The shame of it is that by the standards of other major world cities, the $1 billion the MTA already has budgeted should be plenty.

Foreign countries manage to build cheaper subways

The $6 billion price tag for phase two works out to $2.2 billion per kilometer. That would make it the world’s most expensive subway project on a per-kilometer basis, narrowly surpassing phase one of the Second Avenue Subway, which clocked in at “only” $1.7 billion per kilometer.

Now, building a railroad underneath an old, densely populated urban area is an inherently expensive undertaking. An old-style “cut and cover” construction method would never fly politically, and you have to deal with the fact that there’s already a whole bunch of infrastructure sitting beneath the ground.

But New York is not the only old and dense city that has built subway tunnels recently — it’s simply the most expensive. According to transit blogger Alon Levy’s compendium of international subway projects, Berlin’s U55 line cost $250 million per kilometer, Paris’s Metro Line 14 cost $230 million per kilometer, and Copenhagen’s Circle Line cost $260 million per kilometer.

At those prices, the $1 billion the MTA has in pocket would be enough to complete phase two with a few hundred million left to spare.

We could have more nice things if we built affordably

In many transit advocacy circles, it’s considered unfashionable to dwell on these questions of cost-effectiveness. The important thing, in this view, is simply to make the case for transit and try to get the money. After all, if the United States can squander $1 trillion invading Iraq, then surely we wouldn’t miss the $6 billion.

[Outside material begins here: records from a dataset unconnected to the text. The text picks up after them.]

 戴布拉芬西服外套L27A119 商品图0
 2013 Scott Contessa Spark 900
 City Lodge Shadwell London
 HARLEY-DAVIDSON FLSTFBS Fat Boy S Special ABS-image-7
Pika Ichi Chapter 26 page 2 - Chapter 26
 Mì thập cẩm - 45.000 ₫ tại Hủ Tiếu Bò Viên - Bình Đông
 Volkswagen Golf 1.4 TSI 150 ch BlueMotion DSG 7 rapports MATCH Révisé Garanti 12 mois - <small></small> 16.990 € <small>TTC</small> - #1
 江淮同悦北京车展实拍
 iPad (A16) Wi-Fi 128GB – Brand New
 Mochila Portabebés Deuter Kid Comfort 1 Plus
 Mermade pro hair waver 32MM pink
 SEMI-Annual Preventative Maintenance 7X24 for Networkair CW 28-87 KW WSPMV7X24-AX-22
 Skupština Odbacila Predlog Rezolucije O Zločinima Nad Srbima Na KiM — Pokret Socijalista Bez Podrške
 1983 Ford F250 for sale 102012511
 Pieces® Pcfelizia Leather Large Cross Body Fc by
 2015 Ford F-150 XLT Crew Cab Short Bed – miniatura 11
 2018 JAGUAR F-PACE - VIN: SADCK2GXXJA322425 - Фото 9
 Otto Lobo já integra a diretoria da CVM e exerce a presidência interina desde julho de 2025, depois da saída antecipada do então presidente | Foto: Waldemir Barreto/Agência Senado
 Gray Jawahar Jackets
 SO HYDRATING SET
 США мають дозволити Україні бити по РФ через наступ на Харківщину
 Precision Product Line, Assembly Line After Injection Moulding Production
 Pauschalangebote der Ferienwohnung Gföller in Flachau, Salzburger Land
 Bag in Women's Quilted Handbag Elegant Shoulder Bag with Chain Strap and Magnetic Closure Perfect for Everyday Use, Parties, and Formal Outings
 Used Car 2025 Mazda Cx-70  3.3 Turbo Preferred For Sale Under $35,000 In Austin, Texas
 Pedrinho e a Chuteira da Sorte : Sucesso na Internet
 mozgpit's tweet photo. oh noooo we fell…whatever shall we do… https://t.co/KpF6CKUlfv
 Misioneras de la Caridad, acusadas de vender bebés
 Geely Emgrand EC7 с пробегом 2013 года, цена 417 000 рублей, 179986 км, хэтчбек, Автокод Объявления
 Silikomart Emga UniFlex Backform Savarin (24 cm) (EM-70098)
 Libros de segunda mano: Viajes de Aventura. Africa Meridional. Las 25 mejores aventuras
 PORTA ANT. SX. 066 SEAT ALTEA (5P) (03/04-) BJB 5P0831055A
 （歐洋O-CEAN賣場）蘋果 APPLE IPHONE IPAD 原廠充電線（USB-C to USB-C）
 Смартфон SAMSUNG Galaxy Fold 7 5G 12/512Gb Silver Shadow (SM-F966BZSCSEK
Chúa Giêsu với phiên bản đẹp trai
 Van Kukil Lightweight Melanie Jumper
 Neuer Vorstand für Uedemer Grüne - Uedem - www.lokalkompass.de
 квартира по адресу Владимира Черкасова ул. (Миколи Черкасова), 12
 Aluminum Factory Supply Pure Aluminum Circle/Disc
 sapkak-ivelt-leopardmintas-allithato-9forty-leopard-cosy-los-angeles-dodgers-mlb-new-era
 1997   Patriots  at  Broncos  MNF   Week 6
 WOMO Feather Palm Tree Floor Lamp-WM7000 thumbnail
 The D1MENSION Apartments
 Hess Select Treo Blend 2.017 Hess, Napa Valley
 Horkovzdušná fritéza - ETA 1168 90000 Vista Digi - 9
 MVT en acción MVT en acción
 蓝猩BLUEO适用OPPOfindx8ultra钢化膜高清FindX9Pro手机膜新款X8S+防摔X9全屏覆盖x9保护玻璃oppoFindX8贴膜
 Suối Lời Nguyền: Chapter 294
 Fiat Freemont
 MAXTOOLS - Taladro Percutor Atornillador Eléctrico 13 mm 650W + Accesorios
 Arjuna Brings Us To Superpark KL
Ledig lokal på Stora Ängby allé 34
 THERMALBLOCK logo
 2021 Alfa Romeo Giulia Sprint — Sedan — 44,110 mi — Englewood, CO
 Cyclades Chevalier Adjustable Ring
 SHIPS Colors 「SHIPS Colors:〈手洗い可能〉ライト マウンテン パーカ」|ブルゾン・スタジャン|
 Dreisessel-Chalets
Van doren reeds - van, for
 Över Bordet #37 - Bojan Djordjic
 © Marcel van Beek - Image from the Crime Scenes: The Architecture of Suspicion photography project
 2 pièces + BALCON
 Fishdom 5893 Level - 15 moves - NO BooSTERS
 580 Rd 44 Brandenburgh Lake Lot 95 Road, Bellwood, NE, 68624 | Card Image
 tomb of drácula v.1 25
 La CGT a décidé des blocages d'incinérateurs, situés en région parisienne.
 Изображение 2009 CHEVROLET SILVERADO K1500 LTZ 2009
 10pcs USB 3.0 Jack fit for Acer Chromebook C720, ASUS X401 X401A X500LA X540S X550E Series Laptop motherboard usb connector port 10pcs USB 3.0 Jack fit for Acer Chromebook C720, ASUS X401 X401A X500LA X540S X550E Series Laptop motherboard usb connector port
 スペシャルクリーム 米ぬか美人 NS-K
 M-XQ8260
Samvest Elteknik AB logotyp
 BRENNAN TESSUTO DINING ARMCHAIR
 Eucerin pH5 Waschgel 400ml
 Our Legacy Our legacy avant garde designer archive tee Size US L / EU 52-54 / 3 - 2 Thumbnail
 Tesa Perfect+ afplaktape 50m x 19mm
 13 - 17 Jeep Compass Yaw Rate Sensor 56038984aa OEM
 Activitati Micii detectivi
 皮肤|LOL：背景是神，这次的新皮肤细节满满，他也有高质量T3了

That’s fine as far as it goes, but it doesn’t go very far.

For starters: It doesn’t get you the $6 billion. Whether or not you think transportation infrastructure deserves more political support or military spending deserves less, the facts are what they are.

More to the point, making it cheaper to launch pointless invasions of medium-size countries wouldn’t be all that useful, since the monetary cost is really the least of the problems with a pointless invasion. By contrast, precisely because subway construction is genuinely useful, it would be good to do more of it. And one good way to build more subways would be to stretch our dollars as far as the French do.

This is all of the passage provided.